Case 2 progression showing: A) the patient’s right foot upon initial clinic visit; B) one week after Lisfranc amputation; C) immediately prior to the placement of the SCIP flap, 10 weeks after the amputation; D) the harvested SCIP flap; E) immediately following SCIP flap procedure; F) four months after SCIP flap procedure. SCIP: superficial circumflex iliac artery perforator
Discussion
The incidence and pathophysiology of COVID toes remain largely unclear. The link between COVID-19 infection and cutaneous chilblain-like lesions seen in patients is not well defined and further studies examining the sequelae of COVID-19 are critical, especially in our high-risk patient populations. One study examining skin biopsies from seven adolescent patients with chilblain-like lesions demonstrated varying degrees of lymphocytic vasculitis and coronavirus particles in endothelial cytoplasm [5]. Another study analyzing 40 patients who presented with chilblain-like lesions during the COVID-19 pandemic found clinical, biologic, and histologic findings suggestive of a virus-induced type I interferonopathy but could not prove a causative link with SARS-CoV-2 [6]. Lastly, a study of 780 patients presenting with chilblain-like lesions before and during the pandemic found a weak correlation with COVID-19 infection and concluded the increased incidence of acral lesions may be due to pandemic-related behavior changes [7].

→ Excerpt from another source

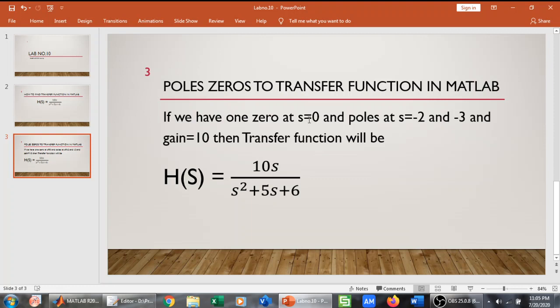So if you know that we have a zero at s equals 0, and we have poles at minus 2 and minus 3, and gain equals 10.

Multiple mechanisms have been proposed as an explanation for COVID toes; these processes are not mutually exclusive. Several studies have shown that SARS-CoV-2 patients admitted with other thromboses have positive antiphospholipid antibody markers, known to trigger endothelial dysfunction and platelet aggregation, in the absence of underlying coagulopathic or vasculitic conditions, suggesting an underlying virally-mediated antiphospholipid antibody syndrome [8]. Further, SARS-CoV-2 viral particles may directly damage endothelial cells or facilitate endotheliitis [5,9]. Additionally, SARS-CoV-2 can increase pro-inflammatory cytokines, including interleukin (IL)-2, IL-6, IL-7, and tumor necrosis factor-alpha (TNF-a), to levels not typically seen in bacterial sepsis or influenza and contribute to thrombosis formation via multiple mechanisms [2,3]. These theories may explain why microvascular thromboses develop in organs where coronavirus was not detected [2,10]. All of these theories, individually or in combination, could explain the development and increased incidence of chilblain-like lesions known as COVID toes.
Conclusions
There's still much we don't know about the COVID toes phenomena, but sufficient evidence suggests that COVID-19 impairs microcirculatory function. We report the cases of two high-risk patients who underwent pedal amputation and reconstruction after recovering from COVID-19 and developing chilblain-like lesions. Anticoagulation therapy may be able to alter the course of microvascular thrombosis in COVID-19 patients.